Of course, one goal of mine was to translate this love into a revenue stream, and thankfully, I've been fortunate enough to do so, at some level. A lot of the actors I meet have a need for headshots; I'm the official photographer for CAT Theatre, and I've had opportunities to work with other theatres as well. In an official capacity, most photography is done during special photo calls, as opposed to during a live show. It's the safer and most respectful way to go about it, but every now and then I think it's nice to have the audience element as well. Ultimately, it will depend on the show and the theatre.
My immediate goal is to be on retainer for at least 4-5 local theatres, but in the meantime, I'll continue to hone my craft, and as always, share my photos and experiences for others to learn from and enjoy.

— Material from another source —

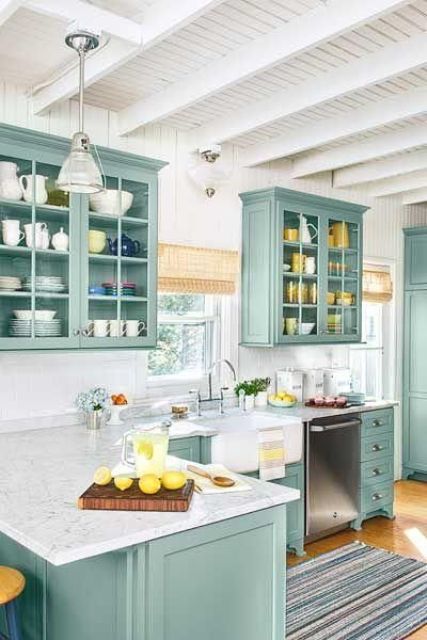 A mint L shaped kitchen with a white stone countertop, woven shades and touches of yellow is very chic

On that note, here are a couple of tips for shooting stage photography:
• Always make sure it's okay for you to take photos at whatever production you want to shoot at. Whether that means you're contracted by the theatre, or have portfolio-building permission to do so, you want to be legit. If you decide to shoot it anyway, always be respectful. Position yourself where there aren't other audience members; put your shutter on silent shooting mode; and NEVER use flash. It's dangerous, and disrespectful to the performers. Keep in mind many productions are protected by copyright, so unless you have permission to do so, do not attempt to sell the photos, and always be compliant if asked to remove it. Many actors, especially at the entry level, appreciate having a photographer at their shows, but not all actors are fans of it. Keep that in mind.
• This goes for theatre in general, but always show up at least 15 minutes in advance. And be professional. If you look like an amateur, you'll get treated like one.

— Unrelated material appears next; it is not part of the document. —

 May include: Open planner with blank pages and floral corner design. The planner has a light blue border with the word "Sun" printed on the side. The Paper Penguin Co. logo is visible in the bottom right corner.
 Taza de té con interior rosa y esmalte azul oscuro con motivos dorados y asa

• For your settings, you'll want your camera to have a shutter speed of at least 1/150 of a second. You can get away with lower if it's a slower show, but if it's fast-paced you may want to go all the way up to 1/250 of a second or faster. Keep in mind you'll have to balance out your exposure triangle, so having a full frame camera is definitely helpful as you'll be able to increase your ISO without issues.
• Use a fast lens. At least a f/2.8. I normally shoot with a Nikkor 50mm f/1.8, but a 24-70mm f/2.8 would be great too and would give you greater flexibility, thanks to the zoom.
• Don't worry too much about white balance. Set it to a single setting (I use the K function) and leave it there. Stage lighting is going to be changing all the time, so the auto mode is not going to work well. You will have to work on it in post, which leads to my next point.
• Don't skip out on post production! The difference between a decent photographer and a great one is your post production editing abilities. I, personally, try to retain as much of the original scene as possible, but I'm also not afraid to photoshop out a stray glowing red "exit" sign, or blocking tape on the floor, as well.
• Shoot from a variety of angles. Make it interesting. Photos are almost always more appealing when they're shot from an angle that's not typical. For theatre, this would been not shooting from where the audience will be sitting. Try getting higher up and angling down, or shooting from the side, or from just below the stage. It will make all the difference.